More than three years ahead of schedule, France has surpassed the 25 unicorns. While the acceleration of the French startup ecosystem is to be welcomed, it is interesting to note that this phenomenon rather reflects the ability of startups as a whole to go global.
The SaaS model makes it easier for our startups to export, but the same is true for their foreign competitors.
In the next few years, competition will accelerate with the arrival of new players coming out of their native market. Faced with such an influx, human beings tend to turn inward and cultivate a certain protectionism. This is what we are seeing in France at the moment. And what if protectionism was not the solution?
The flight of French talent and startups abroad: a stark observation
To develop abroad, French startups face a competitive environment that goes beyond the apparent “product” issue. French startups face three challenges:
One of the major challenges for startups is to recruit talented profiles and the competition is fierce. High salaries can attract talented profiles from abroad. In France, for the research part, this effect is mitigated with the implementation of the CIR (research tax credit). It is even more important if the employee is a “young doctor”. The government allows companies to double the amount of personnel expenses eligible for the research tax credit, which makes it possible to keep some of the researchers in France.
The number of investors capable of investing in early stage projects is still very low in France compared to other countries. While the figures for startup financing are exploding, the average ticket for mature projects is actually exploding, but the amount invested in early stage projects is virtually stagnant. This is why some companies go abroad very early to raise funds. Moreover, the strategies of French investment funds are governed by the investment rules of their very pro-cyclical LPs, with little chance of seeing an outsider appear.
Even if France is an interesting market, it is still very small compared to the United States or China, and above all, the maturity of adoption of a new use is often delayed by 2 or 3 years. French startups must therefore compensate for a smaller domestic market that is out of step with American startups that have already been able to test their solution on their market.
Internationalization, a key to growth
To succeed in selling in a foreign market, it is essential to know which markets are priorities and to better understand the needs, values and consumption habits. To achieve this, it is essential to have an international focus from the start, this is true for companies with a SaaS model, regardless of their location.
Internationalization is often a question of survival because the revenues generated in France by startups are not necessarily sufficient. The sectors most concerned by this internationalization are luxury and digital. The least concerned are the insurance and finance sectors where regulatory constraints are strong.
The choice of the country of establishment depends on a selection of criteria, including the size of the market, the growth rate, the presence of competition, and of course the potential demand, etc. Of course, we can wonder about the consequences of the desertification of “French” unicorns, as for example with Dataiku and Aircall, which have become American. Even if R&D often remains in France and therefore continues to create jobs, the transfer of power and decision-making can have strong implications.

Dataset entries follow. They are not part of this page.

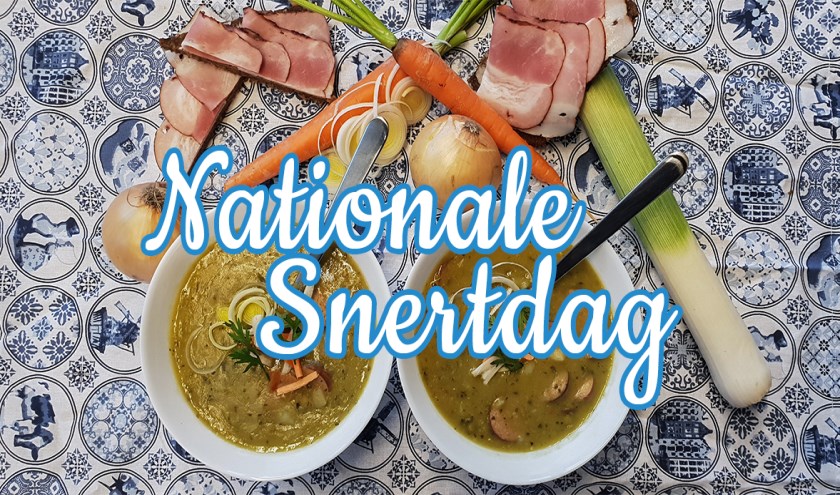 Nationale Snert dag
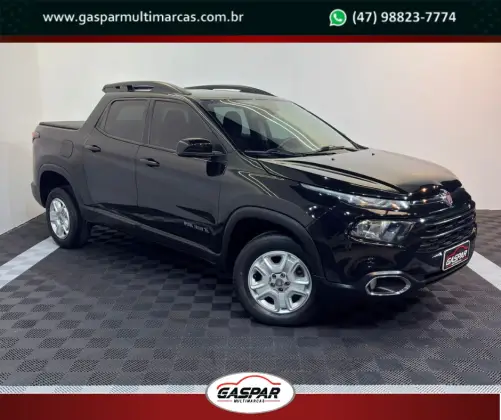 FIAT TORO 1.8 16V EVO FLEX FREEDOM AT6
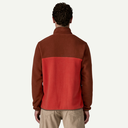 Men's Lightweight Synchilla Snap-T Fleece PullOver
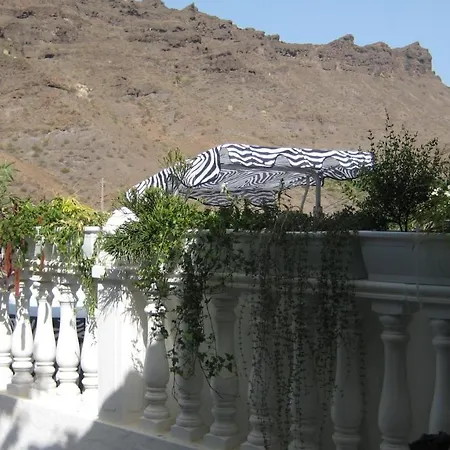Casa Molino Apartmán Mogán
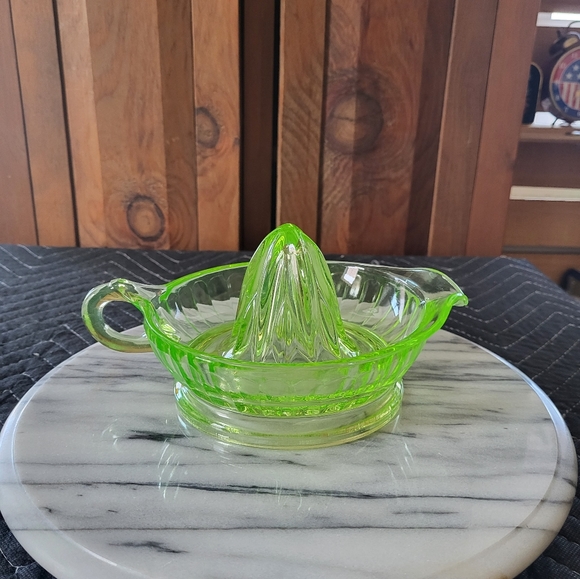 Vintage juicer - Picture 9 of 12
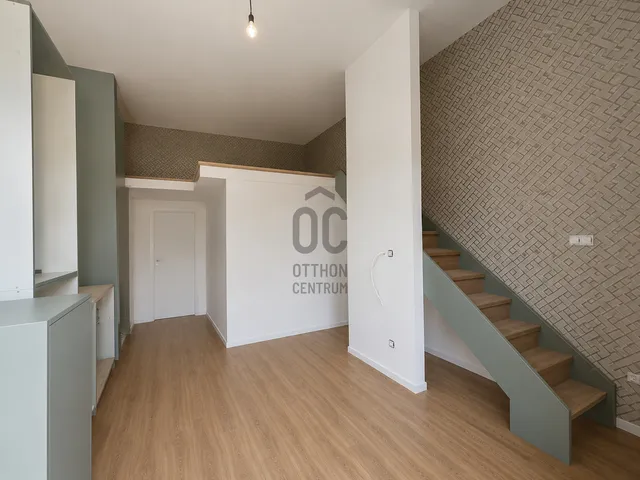 Eladó lakás Budapest VIII. kerület 23 nm
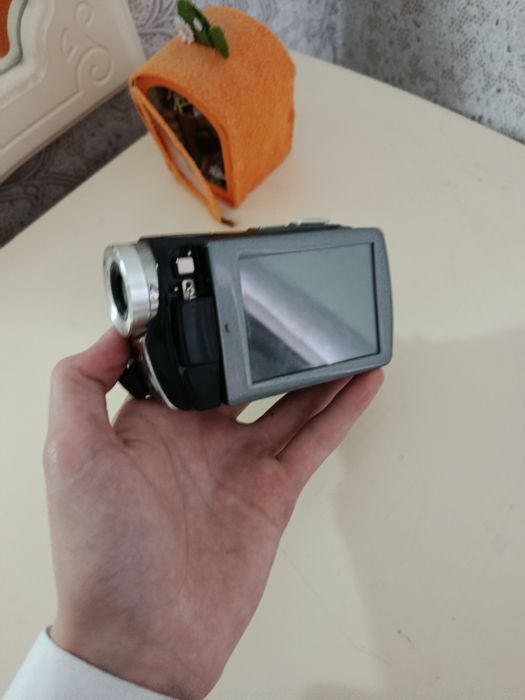 Сони камера. Срочно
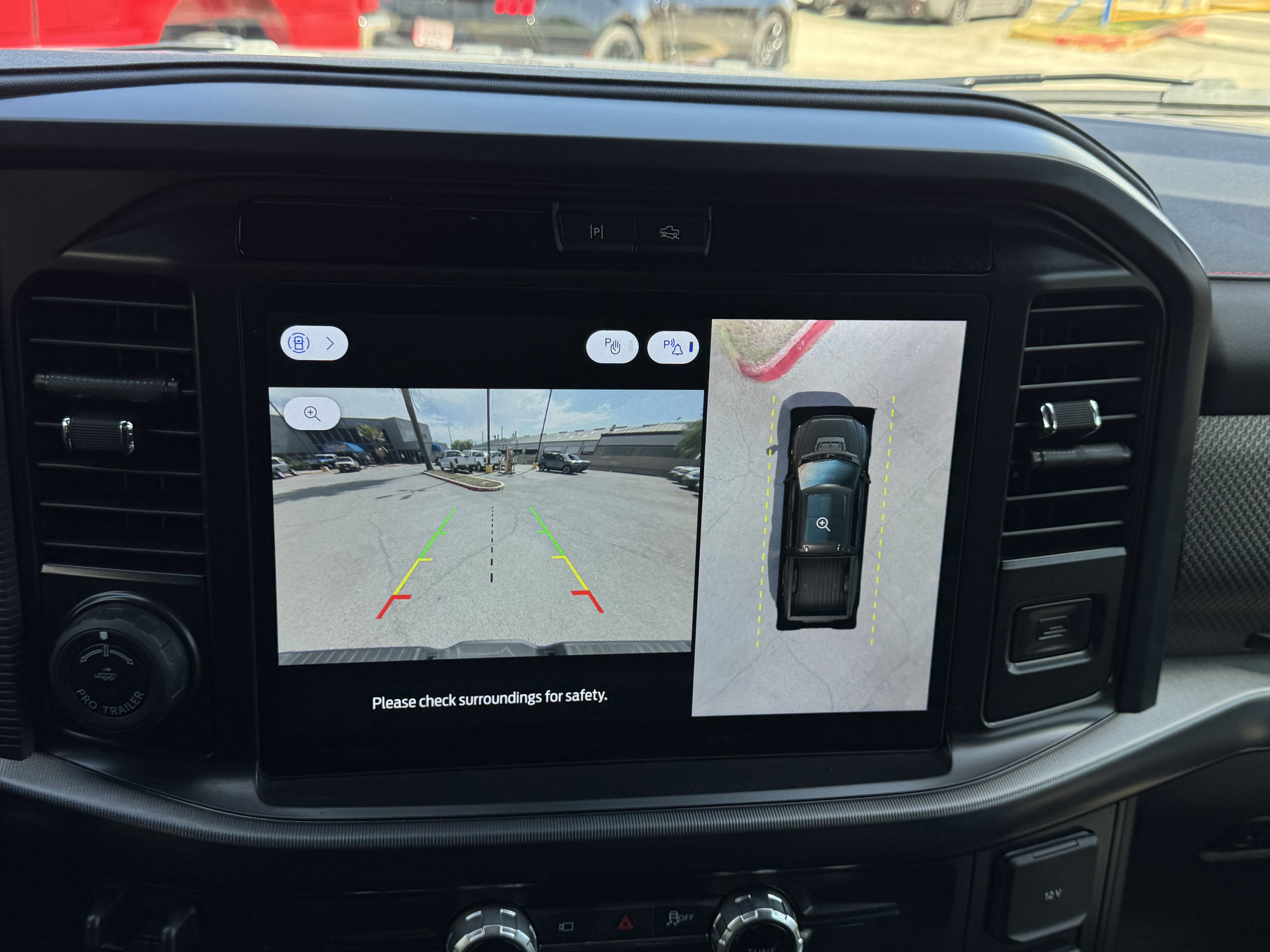 Certified 2025 Ford F150 Raptor image 29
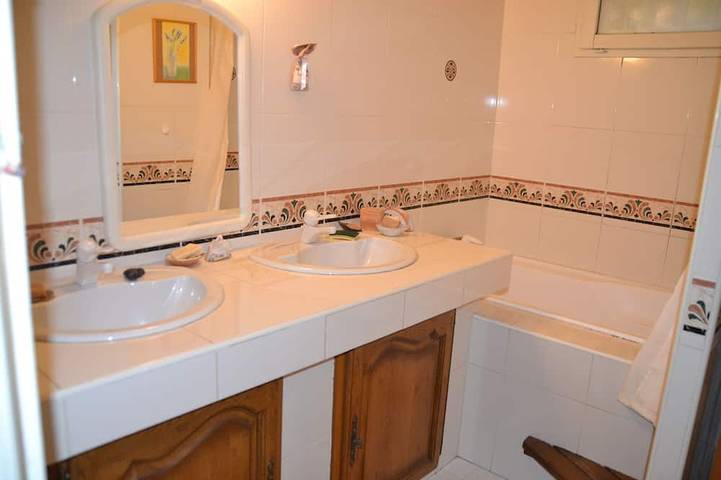 Villa pour 6 personnes à Ceyreste - 3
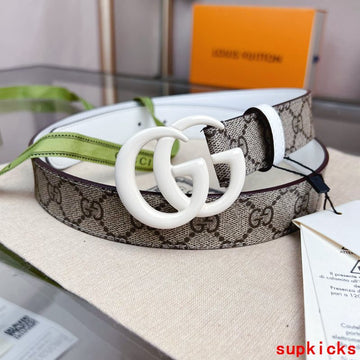 MLB - GUKI Belts - 311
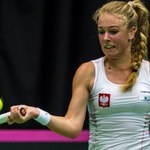 Młoda polska tenisistka awansowała do turnieju głównego French Open!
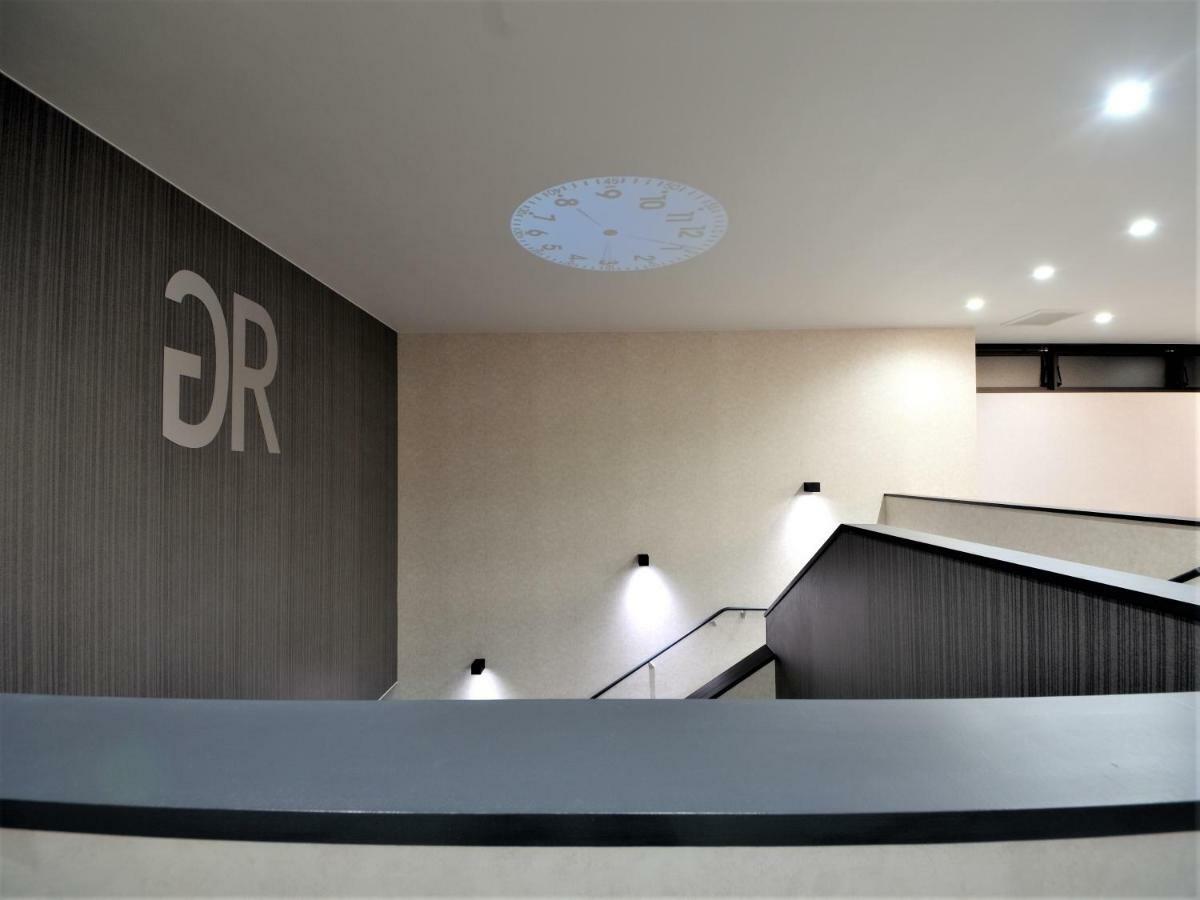 Green Rich Hotel Tottori Ekimae Εξωτερικό φωτογραφία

Solutions for a fresh start
To help these companies sell abroad while remaining in France, the role of incubators, VCs and BPI early stage funds is crucial.
Recently, a dozen European countries committed to creating a fund dedicated to financing startups in hypergrowth and nearly 3.5 billion have already been secured. The objective of this new envelope is to have about twenty European funds endowed with one billion euros that will be able to invest in these fast-growing startups that have already started their internationalization. To date, there are very few growth funds of this size on the Old Continent, while the United States has 40.
Initiatives are therefore underway, but they need to be strengthened. The last decade has seen France catch up in terms of startup development. The challenge today is to be ahead of the curve, and there are many areas of the future where French startups can position themselves as forerunners.